Just like a car with excellent handling can stay exactly in the center
of it's lane at high speed, an amplifier with extremely wide response
can more accurately follow a complex waveform.
Normally the range of human hearing is assumed to be 20Hz-20KHz.
Each component in a system must have at least this range because the
loss when the music passes through the source, preamplifier, amplifier,
and speaker are additive. The combined losses must be small enough
to not make the bass softer or the highs less crisp.
Normally the definition of frequency response is taken to be the
frequency where the output has dropped to one half the power the same
input produces in the midrange. This is unacceptable for audio
because the loss in highs and lows would be grossly noticeable.

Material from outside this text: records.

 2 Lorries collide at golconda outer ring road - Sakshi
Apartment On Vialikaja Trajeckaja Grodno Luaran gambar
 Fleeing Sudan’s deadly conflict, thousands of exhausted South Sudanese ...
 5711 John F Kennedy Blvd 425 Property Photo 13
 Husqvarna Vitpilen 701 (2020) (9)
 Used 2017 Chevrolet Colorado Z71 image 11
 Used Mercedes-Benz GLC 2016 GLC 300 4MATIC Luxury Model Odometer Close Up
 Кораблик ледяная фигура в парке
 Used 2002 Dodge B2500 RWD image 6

Because of this, audio specifications state how much loss occurs at the
published frequency limits. Typical is +/- 1 dB or about a 20%
decrease in power compared to the flat response of the midrange.

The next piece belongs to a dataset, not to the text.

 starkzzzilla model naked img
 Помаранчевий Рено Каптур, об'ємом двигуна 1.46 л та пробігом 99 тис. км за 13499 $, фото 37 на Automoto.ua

Speaker specs often use frequency where the acoustic power drops to 1/2.
If the amp only goes down to 20Hz, then there will be an additional loss
from the amp at low frequencies. The SLC-A300 half power frequency
is 0.1Hz or 200 times below the typical low frequency limit of speakers.
Some amplifiers extend the low frequency response down to DC which can
cause a small DC current to flow in the speakers which is not optimum.
In addition, certain types of failure in components could damage
speakers by continuously putting out a high DC current.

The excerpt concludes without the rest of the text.